Subject: Ease of installation (was: Nice to see NetBSD mentioned. However...)
To: Richard Rauch <rauch@eecs.ukans.edu>
From: Greg Lehey <grog@lemis.com>
List: netbsd-advocacy
Date: 01/08/2001 11:17:32
On Sunday,  7 January 2001 at 11:08:55 -0600, Richard Rauch wrote:
> I haven't used the FreeBSD installer.  I do know that when I was
> installing Debian GNU/LINUX, their current approach annoyed me.

Well, I've installed just about every kind of UNIX-like operating
system available for i386 at some time or another.  Here's my take,
which of course has to be somewhat biased.  From best to worst,

1.  FreeBSD.  This wouldn't have something to do with the fact that I
    do it all the time, and could now do it in my sleep, would it?  Of
    course it would.  The FreeBSD project recognized about 5 years ago
    that sysinstall was broke, and that it would be better to replace
    it than to fix it.  So we stopped applying all except bandaid
    fixes.  As a result, it's a mess.  Go into the "select
    distributions" menu, move the cursor to "All" and press Enter.
    What do you get?  You go back to the parent menu, and it's not
    until you come to commit that you discover you haven't selected
    anything.  You should have pressed "space", not "Enter".

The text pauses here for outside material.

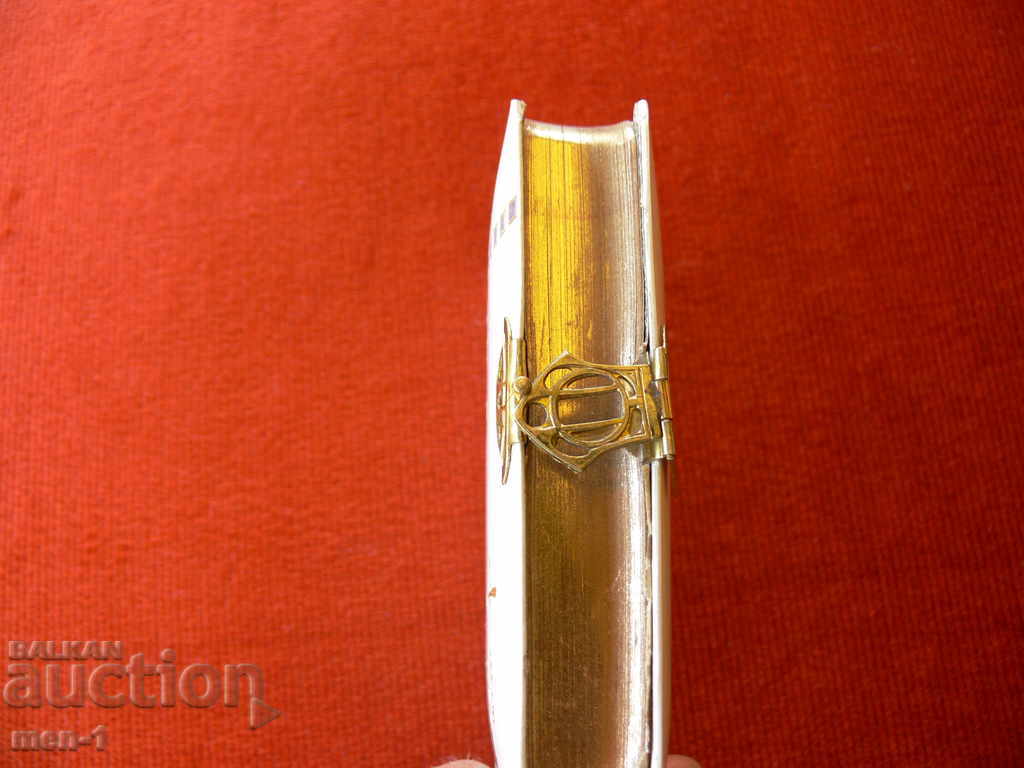 Auction Antique little pocket bible Auction Antique little pocket bible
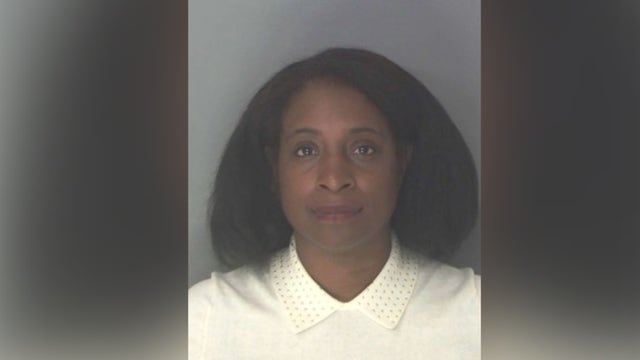 How a Sam's Club worker used 100 fake accounts to steal cellphones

    Still, the current version of sysinstall allows you to do almost
    everything to set up a working system, including installing
    packages and configuring X.  It could be a lot worse.

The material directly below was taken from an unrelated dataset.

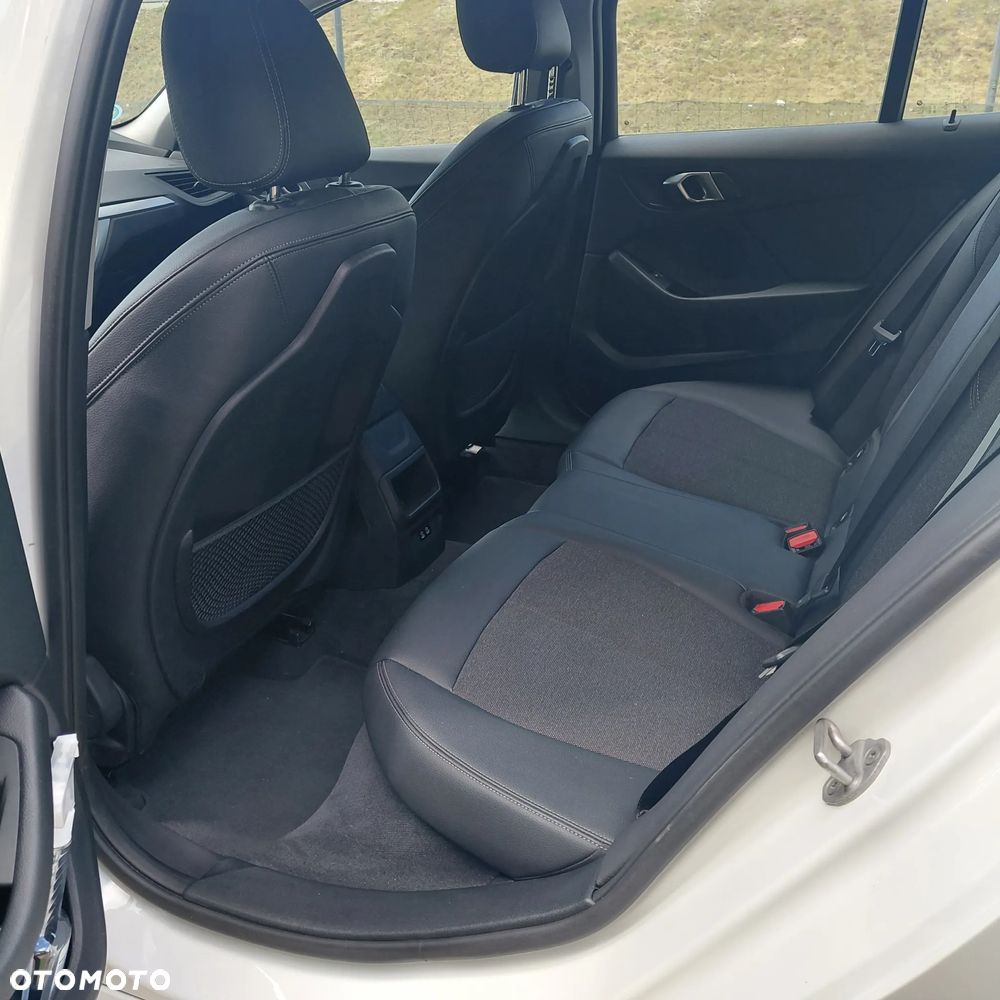 BMW Seria 1 118i - 8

2.  NetBSD.  The install program doesn't look as sexy as FreeBSD, but
    it works well, and it's fast.  There's a good reason for it being
    fast: it leaves you with a half-configured system.  [Caveat: This
    was with 1.4-RELEASE about 1½ years ago.  It could have changed
    since.

3.  OpenBSD.  I tried installing 2.6-RELEASE at the same time I did
    NetBSD.  It's pretty similar, but I was installing a shared system
    on my laptop, and before committing it showed every indication of
    wanting to ignore my requests and use the whole disk.  I later
    installed on another, dedicated disk, and it worked fine.

4.  RedHat Linux 7.0.  This worked better with the hardware I have
    than any other Linux installation.  I still had to tell it what my
    Ethernet board was, where all BSDs found it with no trouble at
    all.  The fact that I put this one so high was because I had
    already been through the pain described below with Debian.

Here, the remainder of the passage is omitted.